On the other hand, in almost all the tests I made, find_MAP() finds the true cluster centers and labels very precisely (when initial values are supplied), which I guess is expected, it converges to nearest minima. When it does not, the uncertainty reflected is in the “right way” (i.e when cluster centers for simulated data are too close or noise is too large etc the points in these clusters are confused). This only works well with sampling if I supply the cluster centers as initial values and keep the mu_sigma low such as mu_sigma=1. Anything above 5 starts creating problems.

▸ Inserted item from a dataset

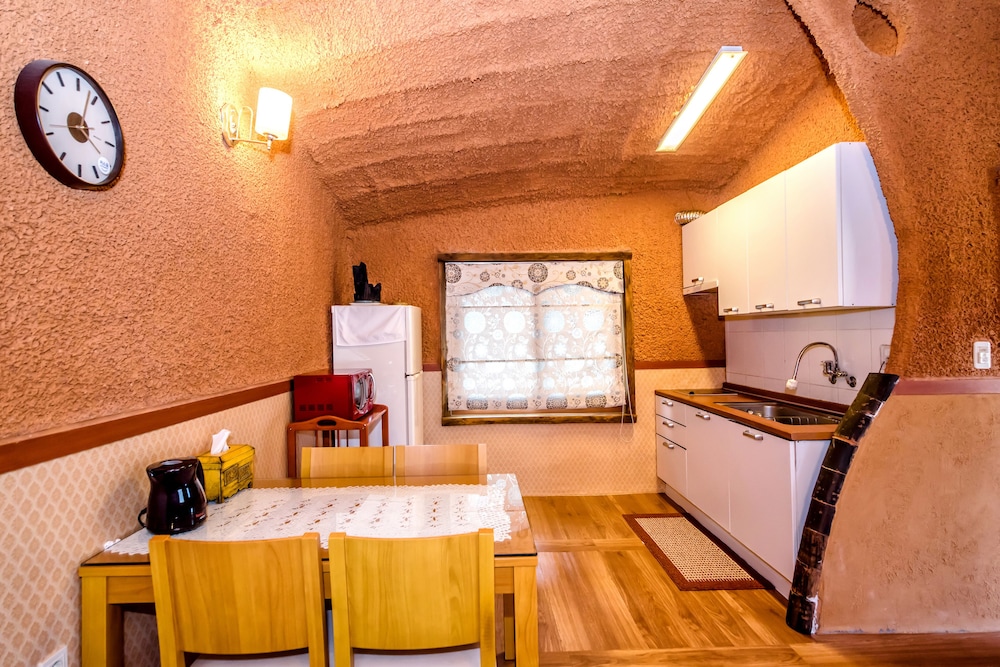Angkurie Pension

The reason why I want to be also able to use sample reliably is down the line I am sampling likelihood of each point belonging to a cluster with something like this:
def sample_cluster_likelihoods(model, nclusters_fit, data, trace): ''' sampling the cluster likelihoods from a given model and trace ''' with model: μ = model.μ σ = model.σ w = model.w components = [pm.Normal.dist(μ[i,:], σ) for i in range(nclusters_fit)] log_p =\ ptt.stack([pm.logp(components[i],data).sum(axis=1) for i in range(nclusters_fit)]) p = pm.math.exp(log_p) normalization = (w[:,None]*p).sum(axis=0) pm.Deterministic("cluster_likelihoods", w[:,None]/normalization[None,:]*p) pps = pm.sample_posterior_predictive(trace, var_names=["cluster_likelihoods"]) return pps
and would like to get HDI interval for these if I can (I can do the point estimate version when I have MAP).
So my questions would be
1- Is it safe to be using MAP in a model like this (as the simulated data results suggest)? The advantage of this over existing ones is I can modify the likelihood and also get probability per cluster for each data.
2- Is it ok to get the HDIs by doing the sampling with a relatively informative prior around a local minima found by say normal clustering or dare I say from the MAP?
3- Any suggestions on how to improve this model for better sampling and better remedying the label switching problem?
The full code include data generation functions etc and quite is length so I dumped it here:
note: I have also just come across this topic:
which seems to pretty much speak about what I am having difficulty with and it seems like “relabelling” the chains by hand seems like the most reasonable approach. I have however witnessed label switching even within a chain so this might need to be done on a per sample basis which could be quite slow. I guess one possibility is to add a “confusion cost matrix” that depends on an input baseline set of labels which maybe comes from MAP? Again the point would be to get HDI estimates (with a as soft guidance as possible) and not necessarily finding better centres than MAP.